紫衣男子微愣,颜姝宁的目光在他脸上扫过,语气变的更冷,“借过。”
城中动乱已平,并没有惊动多少百姓,依旧热闹。
紫衣男子看着女子离开的背影,眉毛轻轻挑了一下,“这女子是哪家的?”
身旁的随从瞥了一眼,“瞧着不似哪家小姐,可要属下去查?”
“不必。”那紫衣男子并未放在心上,与之相比,城中今夜的热闹反倒更加吸引他的注意。
“殷寒咫还是那么谨慎,这么轻易就把本王放回去的刺客清理的一干二净。”紫衣男子说这话的时候没有半点儿因为自己人死伤惨重的可惜,眸中反倒多出几分意趣。
“可惜殿下费心血培养的死士。”侍从道,“不知剩下的人能否得手。”
“不妨事。”紫衣男子抿了一口茶,看着窗外城中热闹的场景,“不成事也无所谓。”
今夜的目的本来就是加重皇帝对殷寒咫的忌惮。
疑心生暗鬼。
鹬蚌相争,自然有一个人会从中得利。
这皇位,先皇坐得,景萧坐得,为何他景宸偏偏坐不得?
明明他才是最该坐上这个位置的人,一步步的往上爬,为了这高位他已经失去了太多,手上沾了太多人的血,就连挚爱之人的性命都能狠心舍弃,又有什么割舍不下的呢。
另一边,颜姝宁眸光冷冷的瞥了一眼身后的视线,像极了不小心沾染到什么恶心的脏东西一样,眸光露出深深的嫌恶。
一别三年,再次见到这个人,心中的恨意比她想象的更加浓重。
这人同三年前一样,模样丝毫未变,那些相交的日子仿佛昨日般触手可及,但是却早就成了亓晚心里的一道疤,如果说曾经真的存在那点情意,也已经化作了最深的怨恨。
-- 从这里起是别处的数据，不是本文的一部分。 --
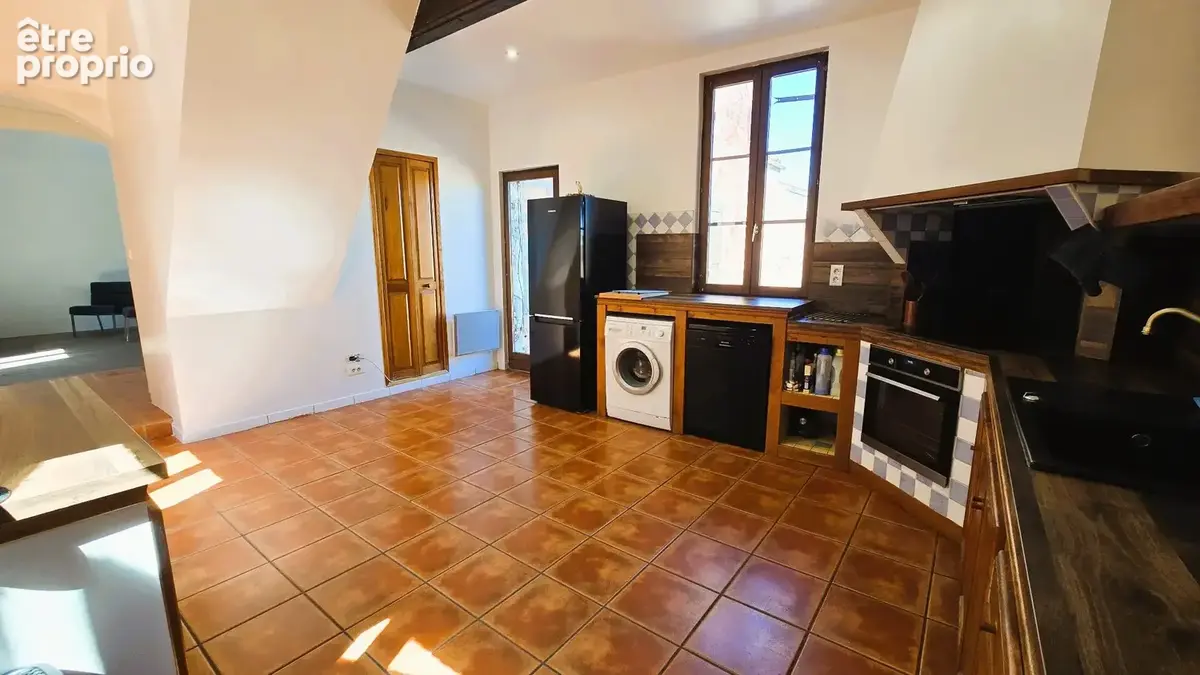 Maison atypique t3bis / garage / terrasse / cour - photo 4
夜色一点点降下,街上不似先前热闹,但是依旧灯火绰约。
殷寒咫在人群中走,周遭的热闹和他仿佛没有半点关系。
他一个人,却仿佛要与夜色深深的融为一体。
“糖葫芦......卖糖葫芦......”
“沉香......上好的沉香。”
周围的商贩叫卖声萦绕四周,却丝毫没有进入他耳中。
空中隐隐含着一丝血腥的气息。
四周并没有什么异样。
殷寒咫在原地站定,眸光促狭。玄色的斗篷被风轻轻拂起。
身后闪过一丝寒光。
“唔......”
一柄利剑直接穿透披风直直的插进后面人的身体里,一柄短剑从那人手中落下,在地上发出啪嗒一声。
殷寒咫果断收剑,利刃刺穿血肉的声音清晰可见。
刺客倒在地上,胸前肩膀却同时出现了一片血痕。
殷寒咫回头望去,颜姝宁一身红衣,利落的擦了一下手里的短刃,笑的温和,“殿下是在找我吗?”
殷寒咫瞥了一眼地上此刻的尸体,一击毙命,就是颜姝宁刺入胸口的那刀。
地上满是碎落的山楂,颜姝宁笑了一声,从地上捡起一串保留完好的糖葫芦,“这幕后之人还真是不小心,怎么会有卖糖葫芦的商贩,虎口指尖尽是老茧的。”
不仅是他,这周围七七八八的商贩,有将近一半儿的人都是隐藏在贫民百姓中的刺客。
别人可能认不出来,但是亓晚常年征战,平时所见都是习武将士,对习武之人的手最是熟悉。
只有常年使用刀剑的人虎口指尖才会留下积年累月去不掉的厚茧。
所以她从一开始就知道了今夜必定会有一场刺杀,而且目标绝对不在皇帝身上,城中出现的那些明显的刺客,都只不过是为了掩护所做的幌子。
应眠闻声赶来,然后就看到她们王妃一手握了只匕首,刀刃上还沾着血,另一只手举着一串糖葫芦在他们殿下面前,眉眼含笑的问他家殿下要不要吃。
场景怎么看怎么怪异。
殷寒咫皱眉拂开她的手,对应眠道,“把尸体带下去,顺便排查一下四周商贩。”
“不用排查。”颜姝宁开口道,“京中伪装的刺客我都已经替殿下解决了,就藏在王府后面的巷子里,给你们留了活口。”
听到她的话,应眠愣了一瞬,不可思议的看了一眼他家殿下。
殷寒咫望着颜姝宁,眸光犀利,“我以为你不会留下活口。”
“怎么会?”颜姝宁笑的一脸单纯,张口想咬手里的糖葫芦,但是被殷寒咫伸手拦了下来。
“脏。”殷寒咫皱眉,“不许吃。”
颜姝宁只好笑着把手里的糖葫芦扔到了地上,将手里的刀仔细擦了一遍,轻笑,“我可是从来不杀无辜之人。”
“是吗?”殷寒咫看了一眼地上已经毙命的“无辜之人。”
颜姝宁看出了他眼里的不信任,道,“我只说不杀无辜之人,但是他可就不一样了。”
“有什么不一样?”
颜姝宁笑道,“他狗胆包天要杀了殿下,自然算不上什么好人,别人我都能放过,但是他碰了我看上的人,又怎么能算是无辜呢?”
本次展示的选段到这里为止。